Esto lo repitió durante muchos días; pero Pablo se molestó mucho y, finalmente, se dio vuelta y le dijo a ese espíritu: «¡En el nombre de Jesucristo, te ordeno que salgas de ella!» Y al instante el espíritu la abandonó.
Pero al ver sus amos que iban a perder sus ganancias, aprehendieron a Pablo y a Silas, y los presentaron ante las autoridades, en la plaza pública.
Allí, ante los magistrados, dijeron: «Estos judíos andan alborotando a nuestra ciudad,
y enseñan costumbres que nosotros, como romanos, no podemos aceptar ni practicar.»
La gente se agolpó contra ellos; los magistrados les rasgaron las ropas, y ordenaron que se les azotara con varas.
Después de darles muchos azotes, los arrojaron en la cárcel y le ordenaron al carcelero que los mantuviera constantemente vigilados.
Al recibir esta orden, el carcelero los metió en el último calabozo, y les sujetó los pies en el cepo.
A la medianoche, Pablo y Silas oraban y cantaban himnos a Dios, mientras los presos los escuchaban.
De pronto hubo un terremoto, tan violento que los cimientos de la cárcel se estremecieron.
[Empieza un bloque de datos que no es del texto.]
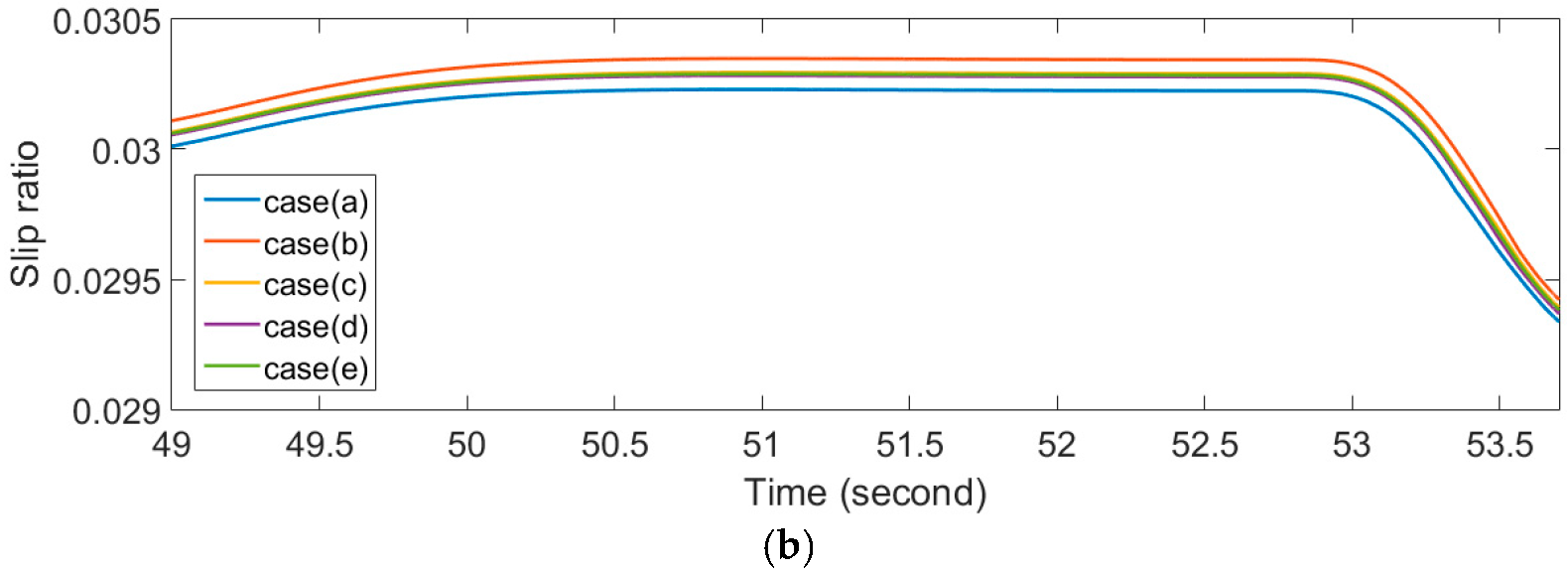 Inventions 03 00019 g011b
Al instante se abrieron todas las puertas, y las cadenas de todos se soltaron.
El carcelero despertó, y cuando vio abiertas las puertas de la cárcel, sacó su espada y quiso matarse, pues pensaba que los presos habían huido.
Pero con fuerte voz Pablo le dijo: «¡No te hagas ningún daño, que todos estamos aquí!»
Entonces el carcelero pidió una luz y, temblando de miedo, corrió hacia dentro y se echó a los pies de Pablo y de Silas;
luego los sacó y les preguntó: «Señores, ¿qué debo hacer para salvarme?»
Ellos le dijeron: «Cree en el Señor Jesucristo, y se salvarán tú y tu familia.»
Y les hablaron de la palabra del Señor a él y a toda su familia.
A esas horas de la noche el carcelero los tomó y les lavó las heridas, y luego él y toda su familia fueron bautizados;
después los llevó a su casa y les sirvió de comer, y él y toda su casa se alegraron mucho de haber creído en Dios.
Al día siguiente, los magistrados enviaron unos alguaciles a decirle: «Suelta a esos hombres.»
El carcelero le dijo a Pablo: «Los magistrados mandan a decir que los deje libres; así que salgan y váyanse tranquilos.»
Pero Pablo dijo: «Después de que nos azotaron públicamente, nos echaron en la cárcel sin una sentencia judicial, ¿ahora nos van a liberar en secreto? ¡De ninguna manera! Nosotros somos ciudadanos romanos. ¡Que vengan ellos mismos a sacarnos!»
Los alguaciles fueron a decir a los magistrados lo que Pablo había dicho; y estos se asustaron al enterarse de que eran ciudadanos romanos.
Entonces fueron a la cárcel, y con ruegos les pidieron que salieran y se fueran de la ciudad.
Al salir de la cárcel, se dirigieron a la casa de Lidia y, luego de ver a los hermanos, los consolaron y se fueron.